Image
Battered child syndrome. Chronic bilateral subdural hematomas.
- Image ID
- MPX1770_synpic23443
- Case U_id
- MPX1770
- Modality
- CT · CT - noncontrast
- Plane
- Axial
- Location
- Brain and Neuro (Head)
- Age / Sex
- 1 / female
- Caption
- Axial non-contrast CT of the head demonstrates bilateral low density chronic subdural fluid collections, along with a focal high density adjacent to the left temporal lobe suggestive of more recent subdural hemorrhage.
- ACR Codes
- 1.-1
Clinical case
- History
- 5 month old female brought to ER with lethargy. Imaging request stated "hypoglycemia."
- Findings
- Non-contrast CT demonstrated bilateral subdural fluid collections
- Differential Diagnosis
- Non-accidental trauma
- Case Diagnosis
- Battered child syndrome. Chronic bilateral subdural hematomas.
Topic
- Category
- Trauma
- ACR Code
- 1.-1
Disease discussion
The spectrum of intracranial injuries in physically abused children includes: acute subdural hematoma, chronic subdural hematoma, acute epidural hematoma, cerebral contusion, focal/multifocal/diffuse cerebral edema, and atrophy. Acute and/or chronic subdural hematomas and cerebral contusion are common in child abuse. Intracerebral hematomas and epidural hematomas are uncommon.
Untreated acute subdural hematomas undergo a series of predictable pathologic changes. Soon after the acute hemorrhage, the blood collection becomes surrounded by endothelial cells and there is invasion by granulation tissue. Progressive liquefaction of the hematoma results in its conversion to a serous fluid. These serous subdural collections are referred to as chronic subdural hematomas or subdural hygromas. Chronic subdural hematomas, related to prior trauma, are most often located adjacent to one or both cerebral convexities but may also extend into the interhemispheric fissure.

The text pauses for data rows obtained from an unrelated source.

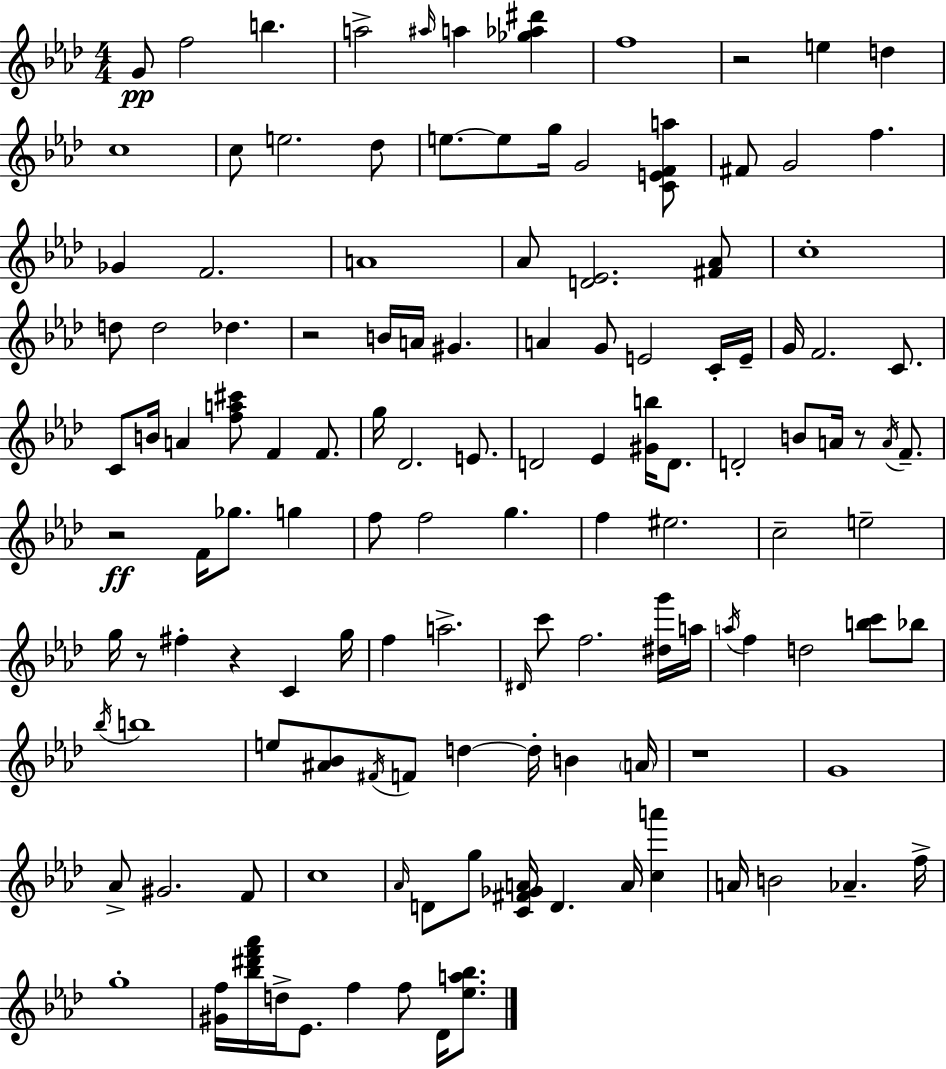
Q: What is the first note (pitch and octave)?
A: G4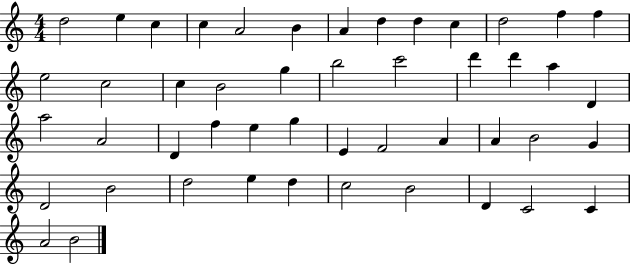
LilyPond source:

{
  \clef treble
  \numericTimeSignature
  \time 4/4
  \key c \major
  d''2 e''4 c''4 | c''4 a'2 b'4 | a'4 d''4 d''4 c''4 | d''2 f''4 f''4 | \break e''2 c''2 | c''4 b'2 g''4 | b''2 c'''2 | d'''4 d'''4 a''4 d'4 | \break a''2 a'2 | d'4 f''4 e''4 g''4 | e'4 f'2 a'4 | a'4 b'2 g'4 | \break d'2 b'2 | d''2 e''4 d''4 | c''2 b'2 | d'4 c'2 c'4 | \break a'2 b'2 | \bar "|."
}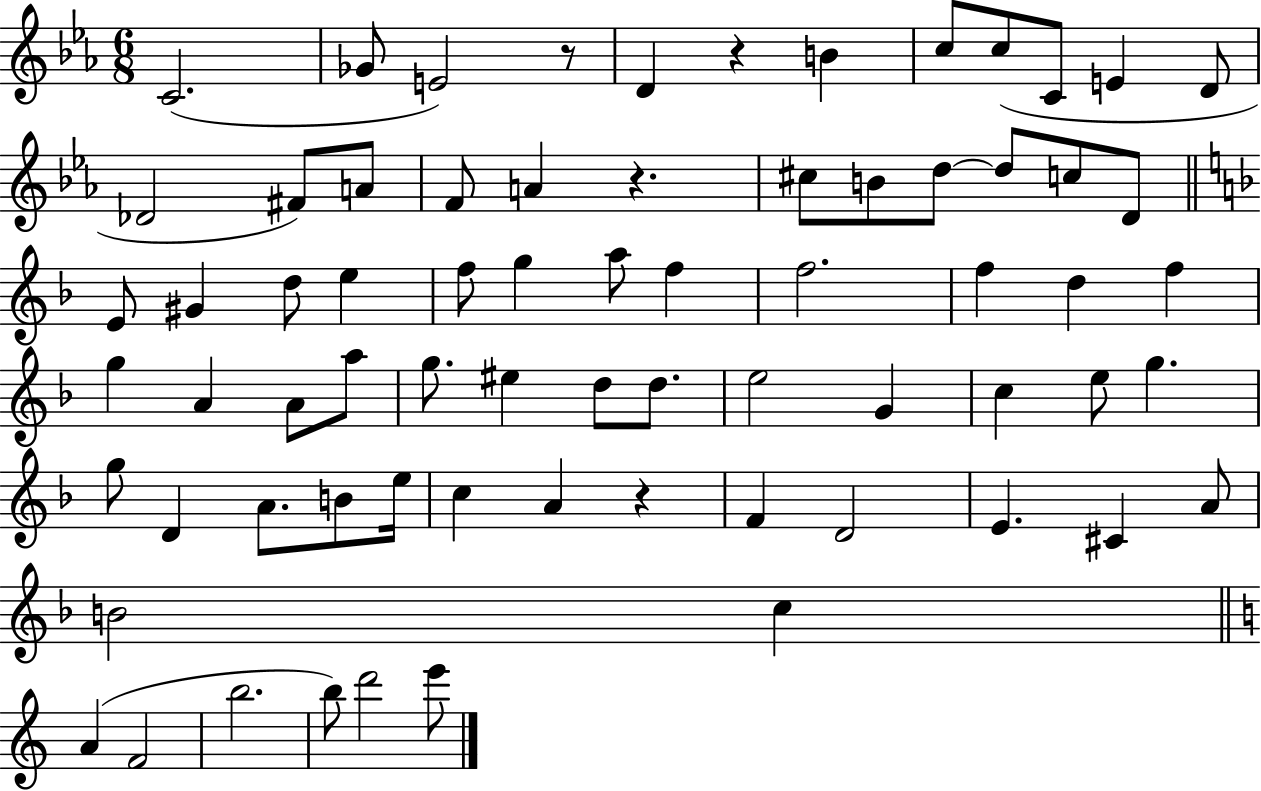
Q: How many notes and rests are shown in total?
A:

The CT appearance of a subdural hematoma varies according to the time period since the injury. The initial hemorrhage is visualized as a high-attenuation fluid collection on CT. The attenuation values of the lesion progressively decrease over the next weeks to months. Chronic subdural hematomas usually contain serous fluid and produce attenuation values slightly greater than those of CSF. It is not uncommon for an abused child to have suffered multiple episodes of trauma, resulting in intracranial hematomas in different stages of evolution.
At times, chronic subdural hematomas are difficult to differentiate from enlargement of the subarachnoid spaces. In many cases, a distinct transition is visible between the subdural fluid collection and the slightly lower attenuation CSF of the subarachnoid space. A membrane of variable thickness separating the two spaces may be identifiable. The brain adjacent to a chronic subdural hematoma is often displaced, and the sulci may be compressed and effaced. In contradistinction, enlarged subarachnoid spaces are associated with interdigitation of the fluid into the cerebral sulci.
The differential diagnosis of isolated chronic subdural fluid collections in infants includes bacterial meningitis, remote trauma, rickets, and Menke's syndrome. In the absence of a clear-cut, suitable clinical history of other forms of trauma, the CT demonstration of coexistent acute and chronic subdural hematomas is highly suggestive of child abuse.